I’m always keen to seek out the best and preferably most authentic places to get my mitts on some delicious foods, so before going anywhere, I tend to do a bit of research. It would also be criminal to visit Cornwall and not have a pasty or a cream tea.
Pengenna Pasties
They don’t call them Cornish pasties down there, obviously, just pasties. And what could be finer, delicious steak, potato, swede, onion and black pepper encased in flaky pastry. Pengenna has three shops: Bude, St Ives and Tintagel, and they make and sell between 300-700 traditional pasties every day in the Bude shop.

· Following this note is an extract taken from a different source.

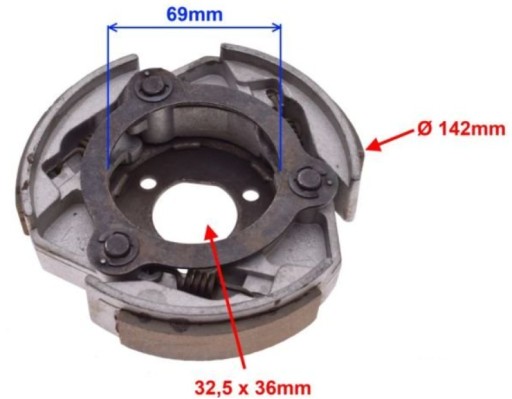 SPRZĘGŁO NAPĘDOWE / SZCZĘKI SPRZĘGŁA 142MM Quad Keeway Dragon GTX 250 ...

They also have a small cafe within the bakery if you prefer to sit in. You might even see them preparing and hand-crimping the pasties. It was a joy to watch, she looked as though she could have done it with her eyes closed, her hands knowing what to do intuitively.
The large pasties are LARGE and very filling, but really, really good and had that beautiful bit of slightly caramelised pastry around the bottom where the meat juices had leaked out.
The Barge for Cream Tea
I’m going to put it straight out there, but jam first on your scone is just wrong, wrong, wrong. They do it right in Devon with the clotted cream layer down first. But as they say, when in Rome or when in Cornwall, so I persevered with the jam on first.
The Barge is moored on the canal near The Castle and serves lunches and afternoon or cream teas, with scones baked fresh daily. We had cream teas all round, served with sweet strawberry jam, Rhodda’s clotted cream and a pot of tea or coffee.
The scones were delicious, almost shortbread-like in texture on the edges, then soft and crumbly in the middle (making it difficult to spread the jam first, but I’ll forgive them).
For the record, I say scone as in gone, not scone as in cone, but let’s not go there!
La Bocca Pizza Kitchen
Not very traditionally Cornish, I’d agree, but definitely worth a mention. La Bocca is a small pizzeria on The Strand in Bude. When we went it was exceptionally busy and they were turning tables away. Victims of their own success. We were lucky to grab one of the last tables outside (brrrr) on the promise of moving inside as soon as a table was free.
The pizzas are prepared and cooked in their open kitchen for half a dozen or so tables, set up as simple seating and a bench-bar area.
The pizzas ranged from simple Margheritas up to more adventurous toppings. The bases of the pizzas were the showstopper for me. The bread was so good. The right level of chewy, crispy and risen around the edges. The toppings were tasty and plentiful. I had the Calabrese which had aubergines, courgettes, mozzarella and ‘nduja. I have never seen so much ‘nduja on a pizza and it was so spicy too. Worth noting that they also do takeaways.
What makes Bude so special
Aside from the scenery, being close to the sea and the intrinsic surf culture, Bude is special for me because it’s where I got married. Just me and him, plus our two kids in a covert ceremony in the town hall, the Parkhouse Centre. Minimal planning and minimal fuss, dressed in jeans and flipflops, with two ladies hijacked from the embroidery group to be our witnesses, we tied the knot on holiday in 2008.
That was the last time before this that we’d been to Bude, so we decided to pop back to the town hall to show the kids where it all happened as they didn’t really remember the day. Definitely not Millie anyway, as she was only a few months old at the time.
We should have left it as it was, a misty memory of our special day as the Parkhouse Centre sadly no longer does weddings. Apparently, the nearby and simply stunning Castle Bude is a much-prefered venue for a civil ceremony. Still, we felt compelled to take one last look at the room where we exchanged our vows those years previously.
What a disappointment. The room where I and he became we, is now just a plain old conference room complete with AV equipment and not the beautiful flower-laden venue that I remember. It’s safe to say that some doors are best left unopened.